Facebook just announced a new feature to its app, which will let it listen to our conversations and surroundings through our own phones’ microphone. Talk about a Big Brother move.
Facebook says the feature will be used for harmless things, like identifying the song or TV show playing in the background, but by using the phone's microphone every time you write a status update, it has the ability to listen to everything.
Not only is this move just downright creepy, it’s also a massive threat to our privacy. The feature is opt-in, but many won't even read the warnings. If we act now, we can stop Facebook in its tracks before it has a chance to release the feature.

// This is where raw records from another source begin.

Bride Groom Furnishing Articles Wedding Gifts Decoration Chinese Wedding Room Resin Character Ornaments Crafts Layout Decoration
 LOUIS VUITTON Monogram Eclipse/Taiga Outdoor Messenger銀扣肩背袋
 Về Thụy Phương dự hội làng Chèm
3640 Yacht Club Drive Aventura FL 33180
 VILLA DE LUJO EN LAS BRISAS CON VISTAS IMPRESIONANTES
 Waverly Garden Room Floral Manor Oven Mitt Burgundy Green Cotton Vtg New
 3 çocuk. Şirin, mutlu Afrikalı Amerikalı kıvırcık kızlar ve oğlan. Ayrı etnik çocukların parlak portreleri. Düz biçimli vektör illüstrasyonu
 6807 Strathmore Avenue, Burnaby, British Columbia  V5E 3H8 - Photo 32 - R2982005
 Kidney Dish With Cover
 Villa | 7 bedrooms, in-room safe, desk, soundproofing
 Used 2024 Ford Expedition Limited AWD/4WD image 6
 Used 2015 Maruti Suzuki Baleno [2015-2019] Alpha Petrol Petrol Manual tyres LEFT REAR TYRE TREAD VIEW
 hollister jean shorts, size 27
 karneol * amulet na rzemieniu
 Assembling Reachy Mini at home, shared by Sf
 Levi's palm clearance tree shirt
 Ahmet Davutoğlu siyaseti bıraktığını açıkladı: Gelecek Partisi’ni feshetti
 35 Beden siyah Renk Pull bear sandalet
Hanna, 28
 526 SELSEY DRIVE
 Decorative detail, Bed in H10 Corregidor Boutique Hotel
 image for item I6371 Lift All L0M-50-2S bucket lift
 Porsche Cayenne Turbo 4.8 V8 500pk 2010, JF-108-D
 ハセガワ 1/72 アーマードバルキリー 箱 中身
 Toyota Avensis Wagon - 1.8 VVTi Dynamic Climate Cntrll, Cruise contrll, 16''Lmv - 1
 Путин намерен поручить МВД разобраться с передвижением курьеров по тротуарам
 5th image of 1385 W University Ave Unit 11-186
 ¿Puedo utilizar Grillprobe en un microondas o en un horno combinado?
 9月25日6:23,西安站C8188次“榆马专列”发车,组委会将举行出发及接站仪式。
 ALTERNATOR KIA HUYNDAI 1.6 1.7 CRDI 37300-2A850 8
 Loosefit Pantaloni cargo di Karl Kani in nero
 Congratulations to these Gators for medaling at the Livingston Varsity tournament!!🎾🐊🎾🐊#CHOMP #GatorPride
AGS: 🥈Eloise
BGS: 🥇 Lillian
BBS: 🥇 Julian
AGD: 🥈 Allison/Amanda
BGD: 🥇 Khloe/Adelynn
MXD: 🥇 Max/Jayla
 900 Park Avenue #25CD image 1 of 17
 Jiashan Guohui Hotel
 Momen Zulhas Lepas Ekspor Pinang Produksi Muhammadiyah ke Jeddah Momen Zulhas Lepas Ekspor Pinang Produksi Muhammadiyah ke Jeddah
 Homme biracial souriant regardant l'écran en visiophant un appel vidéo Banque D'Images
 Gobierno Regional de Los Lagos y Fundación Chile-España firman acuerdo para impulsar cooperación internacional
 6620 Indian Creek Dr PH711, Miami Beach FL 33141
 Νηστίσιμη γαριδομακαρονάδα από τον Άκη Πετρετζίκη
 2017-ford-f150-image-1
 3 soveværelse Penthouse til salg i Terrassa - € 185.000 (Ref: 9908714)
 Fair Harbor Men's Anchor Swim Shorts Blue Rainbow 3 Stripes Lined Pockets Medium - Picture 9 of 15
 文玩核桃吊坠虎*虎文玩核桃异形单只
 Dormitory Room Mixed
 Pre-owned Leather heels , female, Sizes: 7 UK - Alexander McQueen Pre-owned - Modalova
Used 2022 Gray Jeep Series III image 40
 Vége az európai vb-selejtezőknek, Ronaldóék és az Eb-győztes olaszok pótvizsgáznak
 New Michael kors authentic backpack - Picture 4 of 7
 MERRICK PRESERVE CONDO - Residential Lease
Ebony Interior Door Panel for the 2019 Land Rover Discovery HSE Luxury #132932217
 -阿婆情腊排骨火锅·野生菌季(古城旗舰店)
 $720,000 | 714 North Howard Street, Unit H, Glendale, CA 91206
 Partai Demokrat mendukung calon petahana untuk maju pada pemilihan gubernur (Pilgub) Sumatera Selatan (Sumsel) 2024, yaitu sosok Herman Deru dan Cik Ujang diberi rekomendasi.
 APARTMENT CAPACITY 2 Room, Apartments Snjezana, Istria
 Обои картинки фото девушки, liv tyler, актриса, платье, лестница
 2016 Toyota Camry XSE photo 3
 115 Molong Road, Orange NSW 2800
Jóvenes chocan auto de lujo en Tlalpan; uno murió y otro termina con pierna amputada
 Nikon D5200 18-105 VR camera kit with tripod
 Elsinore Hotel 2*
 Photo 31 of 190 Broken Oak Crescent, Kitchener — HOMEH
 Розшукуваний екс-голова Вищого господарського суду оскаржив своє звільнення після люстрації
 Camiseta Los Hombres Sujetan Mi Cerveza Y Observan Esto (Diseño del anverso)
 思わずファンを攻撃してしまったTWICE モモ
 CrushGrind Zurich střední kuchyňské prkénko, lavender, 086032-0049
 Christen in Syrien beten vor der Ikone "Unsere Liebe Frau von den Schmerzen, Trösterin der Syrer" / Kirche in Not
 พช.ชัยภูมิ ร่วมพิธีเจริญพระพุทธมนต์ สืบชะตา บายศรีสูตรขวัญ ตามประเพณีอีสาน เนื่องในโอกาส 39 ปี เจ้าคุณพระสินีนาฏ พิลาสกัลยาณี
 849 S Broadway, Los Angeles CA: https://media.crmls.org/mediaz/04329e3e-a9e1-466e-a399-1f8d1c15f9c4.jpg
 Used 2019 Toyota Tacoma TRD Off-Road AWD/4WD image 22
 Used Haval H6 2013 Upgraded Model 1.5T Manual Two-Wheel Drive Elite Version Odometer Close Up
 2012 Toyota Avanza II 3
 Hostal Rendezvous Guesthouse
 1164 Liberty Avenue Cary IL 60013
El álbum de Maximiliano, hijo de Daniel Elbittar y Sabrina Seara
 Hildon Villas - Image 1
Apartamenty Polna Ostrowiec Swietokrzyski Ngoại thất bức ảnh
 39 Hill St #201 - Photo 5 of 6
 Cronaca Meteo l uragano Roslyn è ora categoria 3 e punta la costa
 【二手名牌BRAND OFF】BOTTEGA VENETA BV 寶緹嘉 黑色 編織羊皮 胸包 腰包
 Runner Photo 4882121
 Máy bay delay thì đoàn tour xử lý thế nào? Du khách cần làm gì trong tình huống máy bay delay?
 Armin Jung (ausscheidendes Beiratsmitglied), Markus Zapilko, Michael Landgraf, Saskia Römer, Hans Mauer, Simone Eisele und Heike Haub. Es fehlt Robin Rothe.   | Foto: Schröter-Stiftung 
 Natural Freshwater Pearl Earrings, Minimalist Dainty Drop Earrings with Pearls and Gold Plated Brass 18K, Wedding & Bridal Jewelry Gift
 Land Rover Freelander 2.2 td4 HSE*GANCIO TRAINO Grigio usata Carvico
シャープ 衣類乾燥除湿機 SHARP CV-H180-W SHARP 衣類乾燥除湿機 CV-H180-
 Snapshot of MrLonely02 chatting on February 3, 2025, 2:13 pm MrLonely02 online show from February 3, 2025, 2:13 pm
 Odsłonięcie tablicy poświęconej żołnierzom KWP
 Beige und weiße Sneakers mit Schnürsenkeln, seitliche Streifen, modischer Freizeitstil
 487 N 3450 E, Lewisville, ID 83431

Tell Facebook not to release its creepy and dangerous new app feature that listens to users’ surroundings and conversations.
Facebook says it'll be responsible with this feature, but we know we can't trust it. After all, just a few months ago Facebook came under fire for receiving millions of dollars for working with the National Security Agency’s PRISM, a wide-scale and highly controversial public electronic data surveillance program -- something its CEO Mark Zuckerberg initially denied. This is also the company that lied about its now-scuttered Beacon program -- an advertisement system that sent our “private” data from external websites to Facebook.
It seems like every few months, there's another big Facebook privacy scandal, and yet the social media giant is pushing this new app anyway. Why? The information it gathers by listening to its 1.2 billion users worldwide can be sold for huge profits to advertisers and corporations looking for better information on consumer tastes and preferences.
Facebook is acting in the best interests of its bank account, not its users. This has gone too far - we have to stop it now.
Facebook: This is an extreme invasion of your users’ privacy. Do not release this new feature, and do not listen to us through our phones’ microphones.
Facebook Microphone Update To Store Data: Social Media Giant Confirms New Feature Will Aggregate Information International Business Times, May 22, 2014.
Facebook Wants To Listen In On What You're Doing Forbes, May 22, 2014.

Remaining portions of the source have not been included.